Меня остановят, чтобы я не кощунствовал, чтоб и сравнивать дальше не смел. Мне скажут, что "Новый мир" долгие годы был для читающей русской публики окошком к чистому свету. Да, был окошком. Но окошком кривым, прорубленным в гнилом срубе, и забранным не только цензурной решёткой, но ещё собственным добровольным идеологическим намордником - вроде бутырского армированного мутного стекла. (В исправление сказанного: в разговорах этих "октябристов" я чувствовал не только ненависть к "Новому миру", но и страх перед новомирским критическим отделом, скрытое уважение к нему. Казалось бы - при развёрнутости их бесчисленных печатных полос, при всеобщем круговом восхвалении - что им там критика единственного, вечно опаздывающего, с глуховатым голоском журнала? Ан нет, всё время помнили её, шельмецы, глубоко она им отзывалась. Неотвратимо понимали, что только новомирское тавро припечатается и останется, а их собственные штампы смоет первый дождь. "Новый мир" был единственный в советской литературе судья, чья художественная и нравственная оценка произведения была убедительна и несмываема с автора.
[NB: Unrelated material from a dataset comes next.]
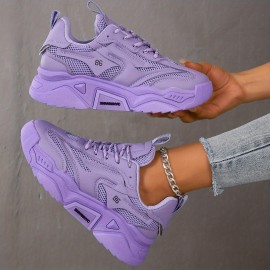 Tênis Minimalista Respirável de Sola Macia para Mulheres, Cor Sólida, Versátil, Amarração, Sapatos Diários de Cano Baixo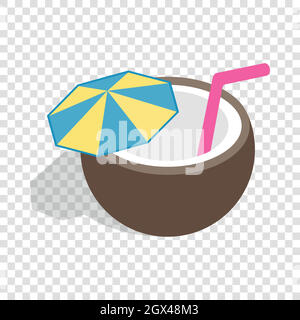 Coconut cocktail isometric icon Stock Vector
Кстати, такую оценку, и с пользой для себя, получил бы в "Н. Мире" и Евтушенко, если бы арест Синявского не помешал выходу уже набранной его статьи с разносом самодовольной "Братской ГЭС".)
А я просто хотел выбрать эту неосуществлённую возможность - вдруг она что-нибудь да потянет! Пресловутому "консервативному крылу" (а никакою другого "крыла" не было у перешибленной птицы нашей печати) предложить свои рассказы во главе с "Правой кистью" - как они сьедят? А что если их литературные разногласия с "Н. Миром" столь им досадчивы, что они пренебрегут своей идеологической преданностью и пронесут мои рассказы через родственные им цензурные рога - только чтобы "перехватить" меня к себе? Шанс был очень слаб, но и эту "степень свободы", мне казалось, надо использовать - хотя б для того, чтобы потом себе не пенять. Напечатать же "Правую кисть" не стыдно было хоть и в жандармской типографии.
И ещё одну историческую проверку, историческую зарубку я хотел сделать: уже много лет эти деятели бахвалились, что они - русские, выпячивали, что они - русские. И вот я давал им первую и их жизни возможность доказать это. (И в три дня, слабея животом, они доказали, что коммунисты они, никакие не русские.)